No recuerdo el día en que acepté el encargo. Sospecho que mi cerebro lo tiró a la icónica papelera convertida hoy en una de mis más insoportables compañeras de trabajo. Estoy segura de que hasta disfrutó del posterior vaciado crujiente, rápido e insensible, características que definían mi estilo, mi personalidad, antes de quedar relegadas a un dibujito bidimensional sostenido en una pantalla donada durante la campaña de promoción del Plan Nacional de Alfabetización Digital. Consejero municipal mostrando router desconectado para la foto incluido. Antes de pasarme tres mañanas a la semana rodeada de vejestorios cuyas aspiraciones se movían entre poder concertar una cita con el médico de cabecera a través de la web, ser capaces de establecer una videollamada con sus nietas doctorandas en Róterdam o consultar los resultados de la jornada futbolera. La barra, digna, no avanza. Intento controlar mis niveles de cafeína. Fracaso con un capuchino plasticoso.
Fue a través de un mensaje instantáneo, como la vida moderna, eso sí consigue rescatarlo mi memoria. Apenas había instalado la aplicación, obligada por los de arriba, cuando una burbuja (aprendí que se les llama así en la tercera clase) apareció en el móvil para revolver mi peculiar rutina:
A todos nuestros colaboradores:
Con el fin de atender a la creciente demanda de trabajos virtuales, hemos decidido reconducir el negocio y abandonar definitivamente la actividad física.

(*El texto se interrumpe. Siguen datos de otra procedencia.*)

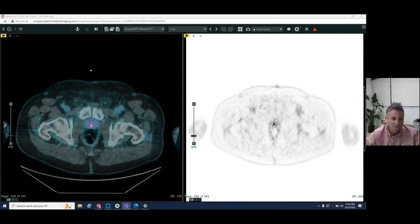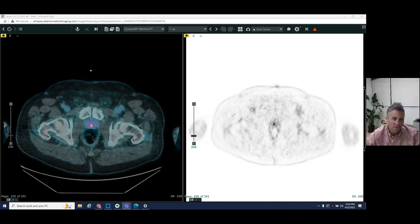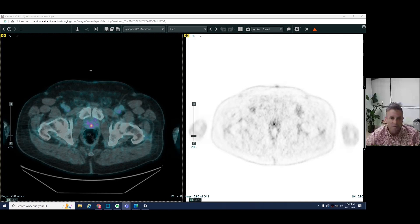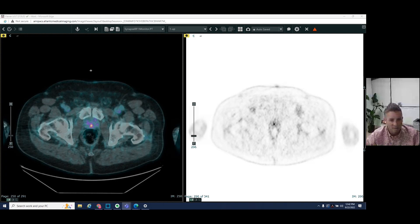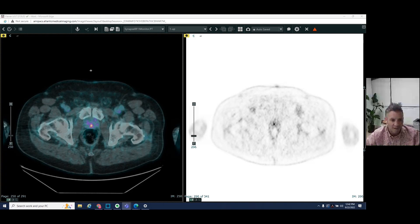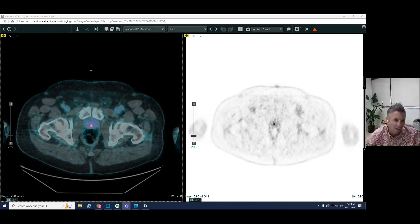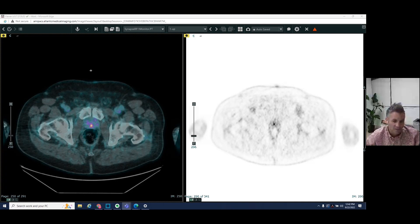So this is a patient who had prostate cancer, had a prostatectomy seven years ago, had chemotherapy and radiation therapy, and presented with an elevated PSA level, which is a lab value that urologists and oncologists use to measure whether there's a recurrence of prostate cancer.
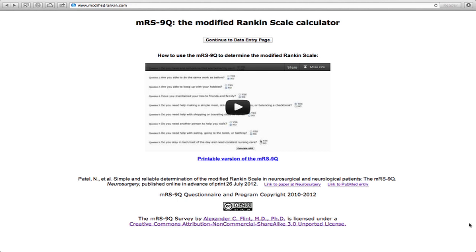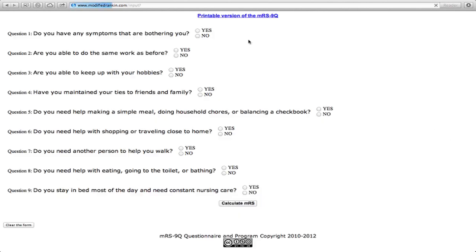To use the MRS9Q, click here to go to the nine-question survey. As you get answers to each question from the patient or caregiver, enter a yes or no response to each question on the form.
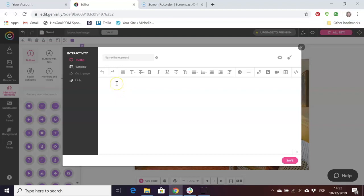We're just going to include a short instruction like search the room for clues.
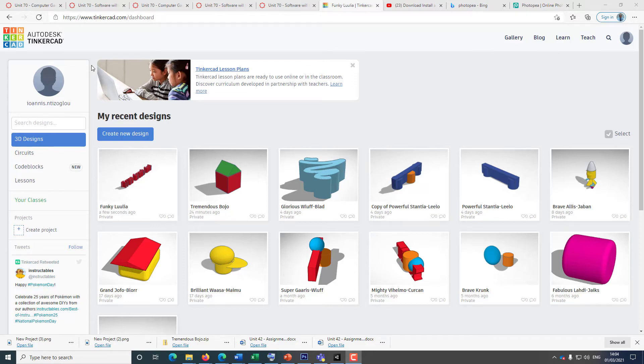Hello, my name is Sionis Dishoglian and in this video tutorial I'm going to show you how to use Tinkercad.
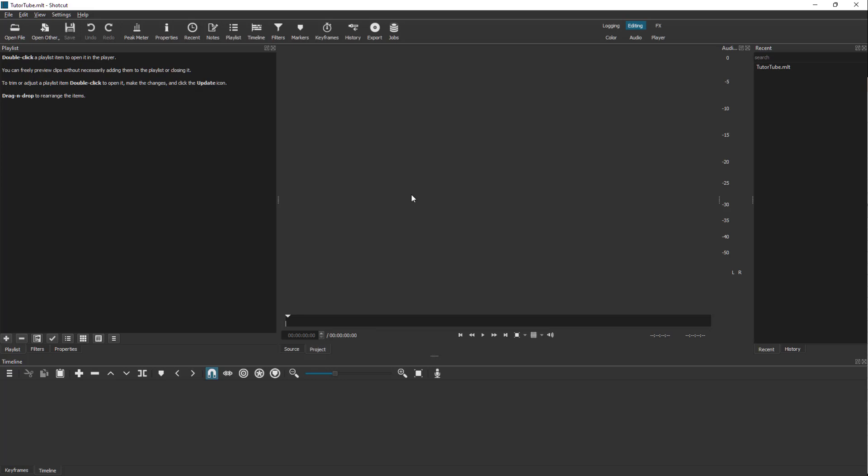That has been the layout of the Shotcut video editing application. In further lessons we're going to take a look at how we can work with different options of the application. Hope you guys learned something, and as always, please like, comment, share, and subscribe.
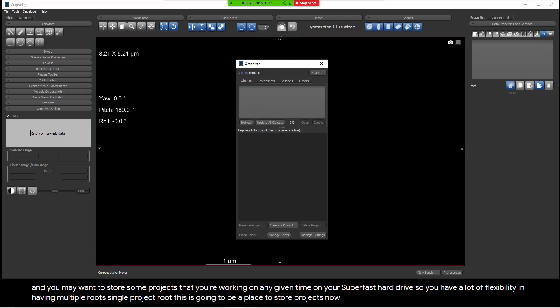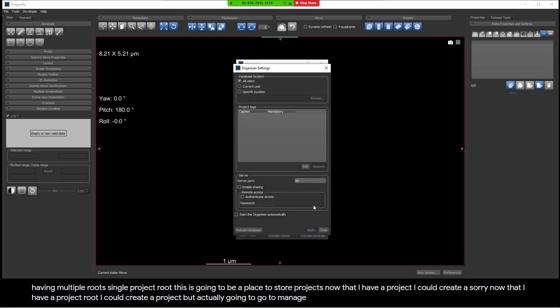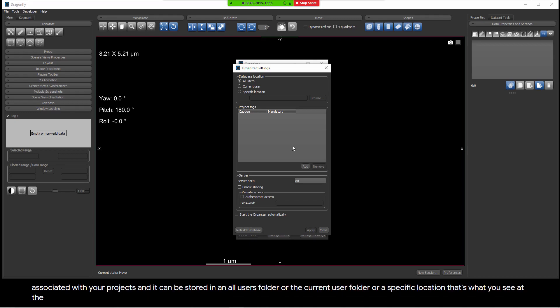Now that I have a project root, I could create a project, but actually, I'm going to go to Manage Settings first. There is a database that stores all the information associated with your projects, and it can be stored in an All Users folder, or the Current User folder, or a specific location. That's what you see at the top.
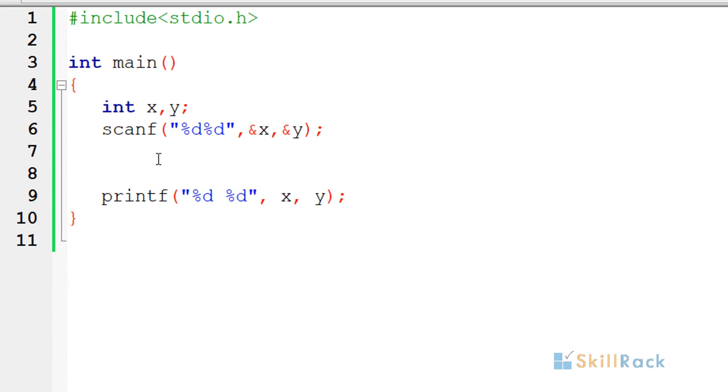In this program we will accept two numbers and swap the numbers using bitwise XOR operator.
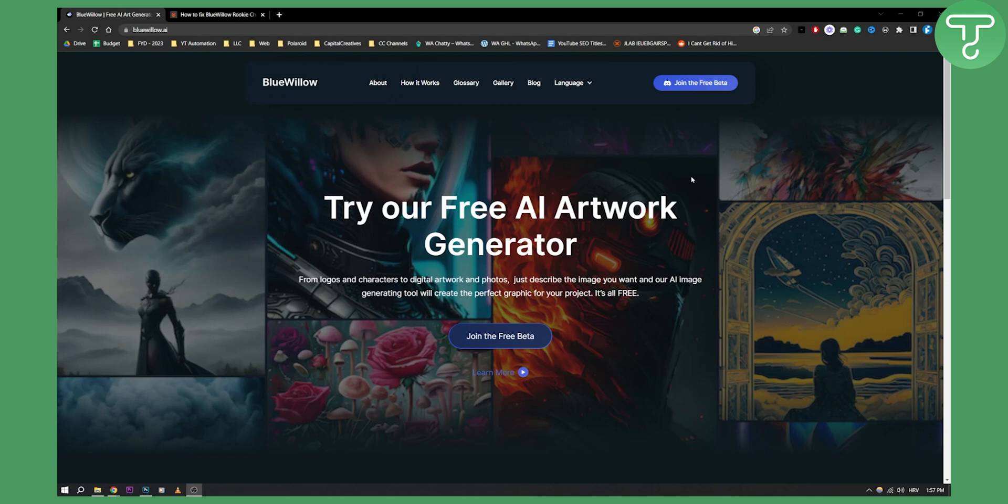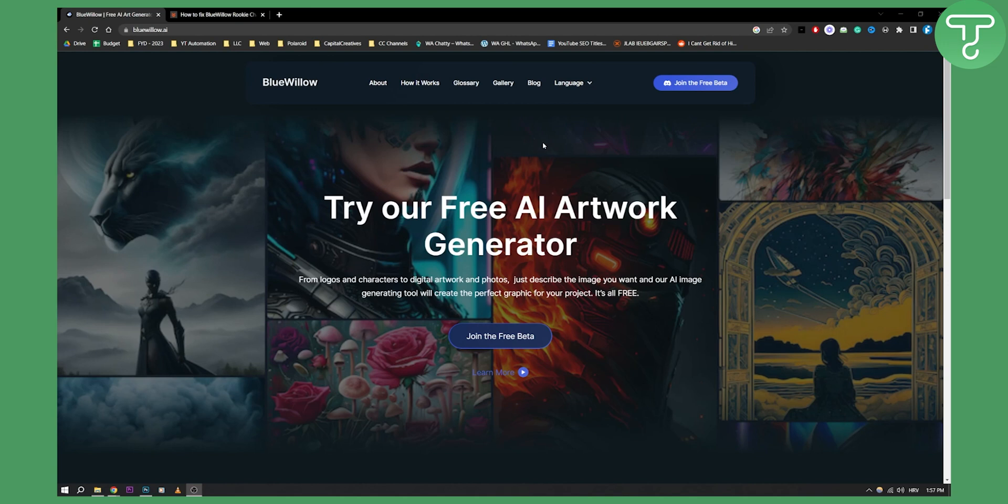If Discord is down, then BlueWillow will also not work because BlueWillow is based on Discord. The second thing is that BlueWillow itself could be down. If a lot of people are using BlueWillow right now, then BlueWillow will be down because the volume of people is too high.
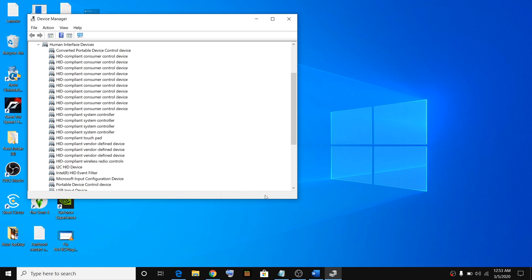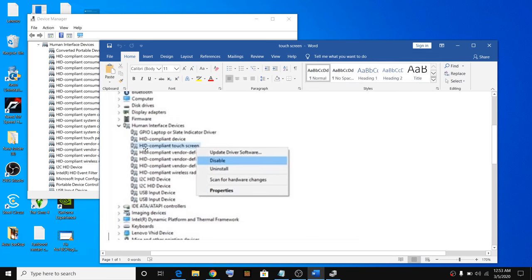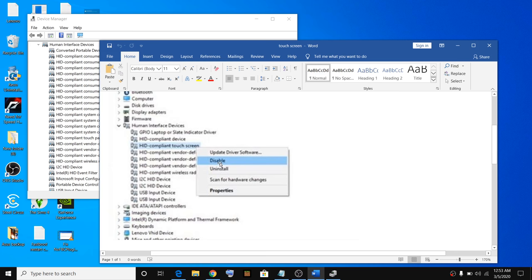Here you will see an option called HID compliant touchscreen. Right-click on it and then click disable. To enable it, right-click and then click enable. This is how you can enable or disable the touchscreen on your computer.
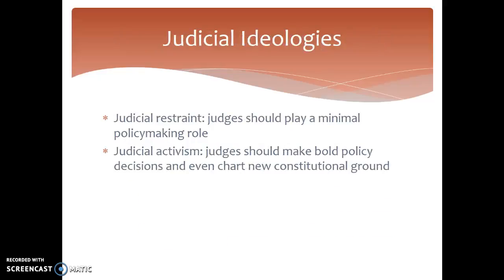We've gone over judicial restraint and judicial activism before, but to review: judicial restraint is the idea that judges should play a minimal role in policy making. Judicial activism is the idea that judges should be bold in policy decisions and chart new constitutional grounds to help right historical wrongs. A lot of the activism really got popular in the 1950s and 60s.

TODOS DEBÉIS CUMPLIR CON LAS NUEVAS
CONDICIONES. SIN EXCEPCIÓN.
Pulsa sobre este enlace para acceder a tu misión
De haber sabido en ese momento que me estaban chillando por escrito (novena clase), habría dejado caer descuidadamente ese aparatejo entrometido en algún lugar líquido y profundo. Habría reunido todo el dinero y la documentación que tenía estratégicamente almacenados en puntos seguros de la ciudad y habría tomado un vuelo transatlántico, maratoniano, de esos en los que recomiendan recorrerse los pasillos enfundada en unas medias compresivas, tras haber aceptado por fin las ofertas que llevaba años rechazando. O quizás me habría marcado un alegato feminista, habría argumentado que yo no formo parte del masculino genérico, que me genera distancia, que me borra, que me olvida, y habría continuado con mis extorsiones a punta de navaja y mis secuestros como si nada. Aunque imagino que a mi jefe, el mismo que ordenó rebanar el índice de su mujer al enterarse de que había vendido el último anillo que él le había regalado, no le habría entusiasmado el discurso.